Although there are advertising internships, the industry rarely converts junior interns into full-time hires so interested students must apply or reapply in the winter of senior year.

Agencies often hire as they develop openings, so applicants are typically asked to start immediately. This means seniors trying to go into advertising may graduate without an offer.

“I think a lot of advertising students get very stressed because there is a real probability that you’re graduating without a job,” Jensen said. “Not that you don’t have a plan, or any leads, or any potential interviews lined up.”

Paige Richards, ‘16, knows that she wants to pursue advertising despite the uncertainty of the hiring process.

“It’s definitely hard waiting, especially when a lot of people already have jobs and don’t really understand that ad agencies hire so late,” Richards said. “But it’s something I’ve accepted so I don’t think I will be extremely stressed until a couple weeks before graduation.”

Richards said that since there is so much uncertainty about graduating with an offer from an advertising firm she is looking for internships in advertising. The industry is beginning to extend full time offers to interns at the end of the summer.

But applying to Ph.D. programs requires a much different process. Kelly Douma, ‘16, is applying to history Ph.D. programs and said that students select programs based upon faculty within the program with whom they hope to work, not necessarily on the reputation of the school.

For instance, Douma is applying to history Ph.D. programs that have an Early Modern German History professor because that is what she wants to research. Douma said it is important to consider whether the program is more oriented towards teaching or researching.

The application deadlines for most humanities and social science Ph.D. programs fall throughout December and early January. Students expect to begin receiving answers in February, but could find out as late as the end of March.

Douma said that although there is no Common Application for graduate programs, most applications are similar and require GRE scores, a letter of intent and a writing sample.

But the biggest complication in applying is the cost, Duoma said, who spent about $1,000 applying to programs. She said it costs $200 to take the GRE, $30 per school to send a GRE score, and application fees range from $85 to $100.

“Cost definitely limited the number of places I applied,” Douma said. “I had to balance reach schools with schools where I think I can get in.”

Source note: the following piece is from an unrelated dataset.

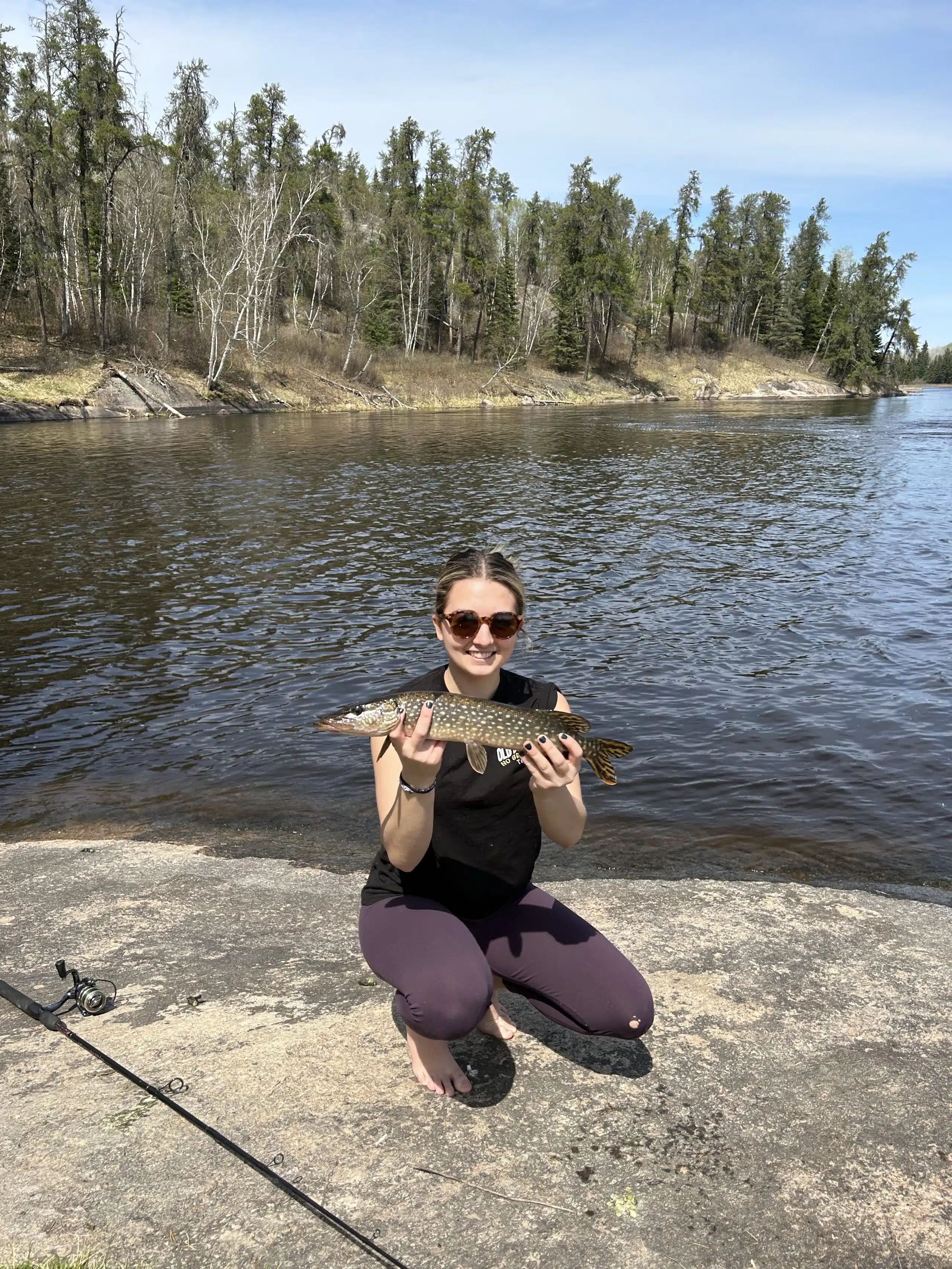 Featured image for “How to Start Fishing”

Stephanie Foster, ‘17, went through the law school application process in the fall. Law school applications are slightly different because they have rolling deadlines, so students may hear back as soon as two weeks after submitting an application.

Foster said that typically, however, students receive answers later because schools like to evaluate the entire application pool.

The application costs can be just as high for law school as for doctorate programs. Stephanie Foster, ‘17, said that it costs $30 to submit a CAS or LSAT score, and an application fee can range from $30 to $100.

“I was lucky enough to be given fee waivers at a good number of schools,” Foster said. “And my recommendation to anyone considering applying to law school would be to contact each school on your list and ask if they would be willing to give you a fee waiver.”

The different timelines can be a source of stress for students, Jensen said. But he hopes that working closely with career development alleviates that stress, and ensures students are making choices for the right reasons.

When asked whether the different timelines for recruiting and applying to jobs and programs influences sophomores and juniors trying to pick majors and career paths, Jensen said simply that it did not and it should not.

“For those [students] we don’t see, I think there is probably a lot of nervousness around finding an internship and there are situations where students will make a choice based on, not what their gut or their heart says, but what their friends are doing,” Jensen said. “Career Development is really trying, I am personally really trying, to change that mentality.”